**DATASET CONTENT**
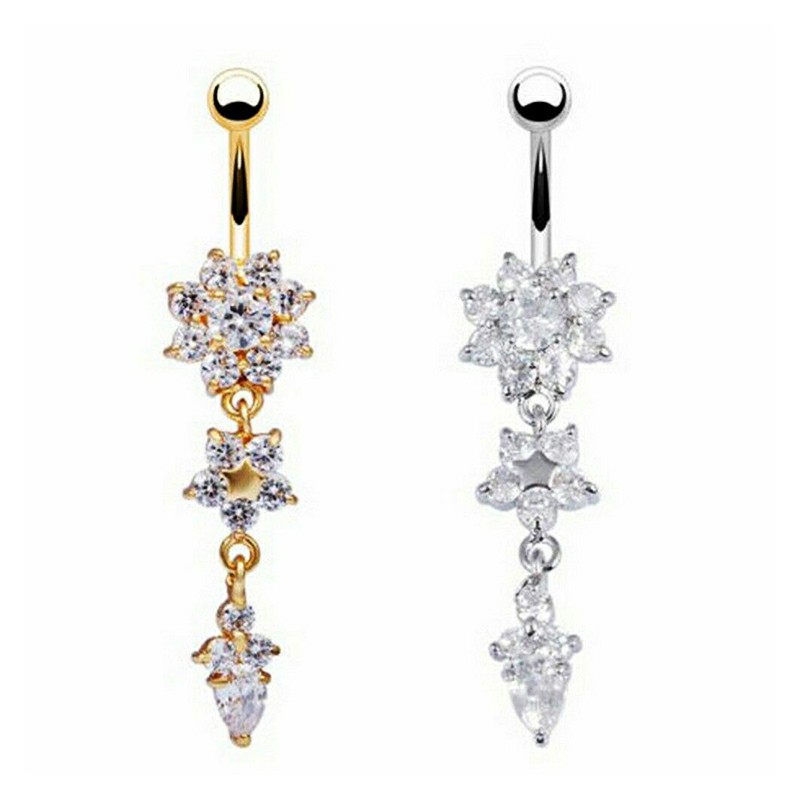 Belly Bars Navel Crystal Drop Button Ring Body Piercing Jewellery - Silver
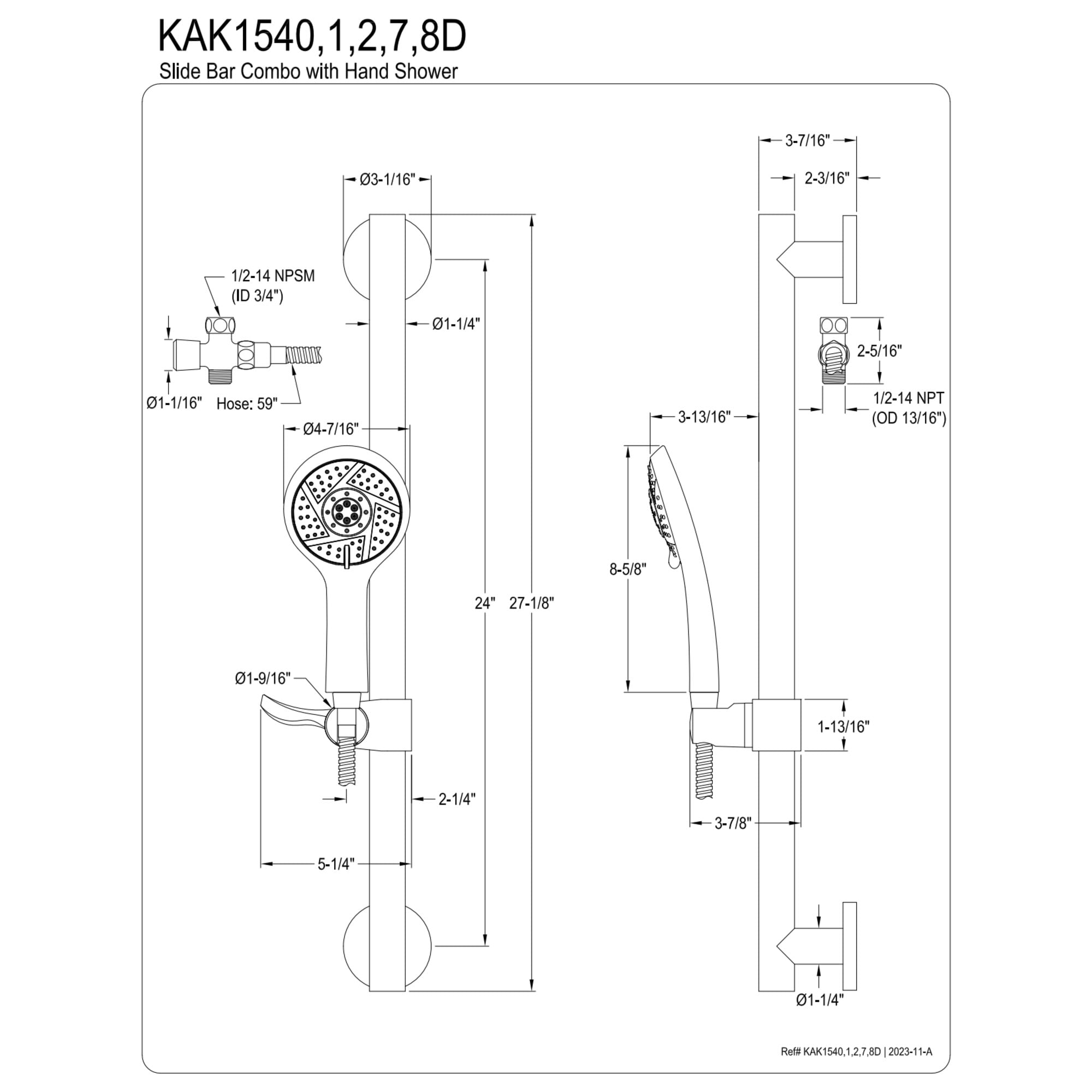 Kingston Brass KAK1548D Made to Match Shower System with Slide/Grab Bar and Hand Shower, Brushed Nickel
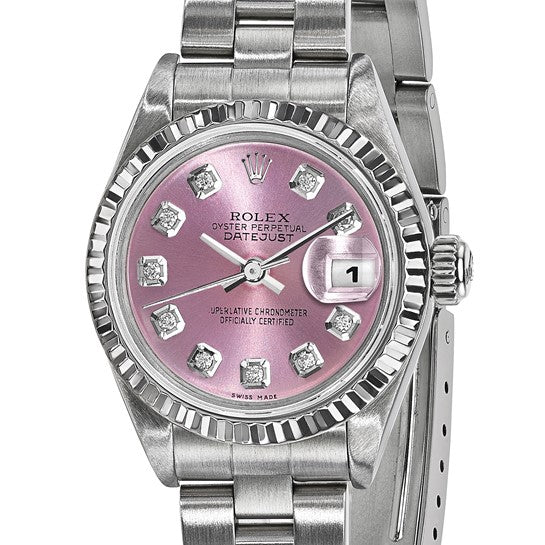 Pre-owned Rolex by Swiss Crown™ USA  Independently Certified Rolex Steel 26mm Oyster Datejust Pink Diamond Dial and 18k Fluted Bezel Watch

**TASK TO COMPLETE**
Your answer should copy the listing word for word, with no pictures in it.

**RESULT**
 Belly Bars Navel Crystal Drop Button Ring Body Piercing Jewellery - Silver
 Kingston Brass KAK1548D Made to Match Shower System with Slide/Grab Bar and Hand Shower, Brushed Nickel
 Pre-owned Rolex by Swiss Crown™ USA  Independently Certified Rolex Steel 26mm Oyster Datejust Pink Diamond Dial and 18k Fluted Bezel Watch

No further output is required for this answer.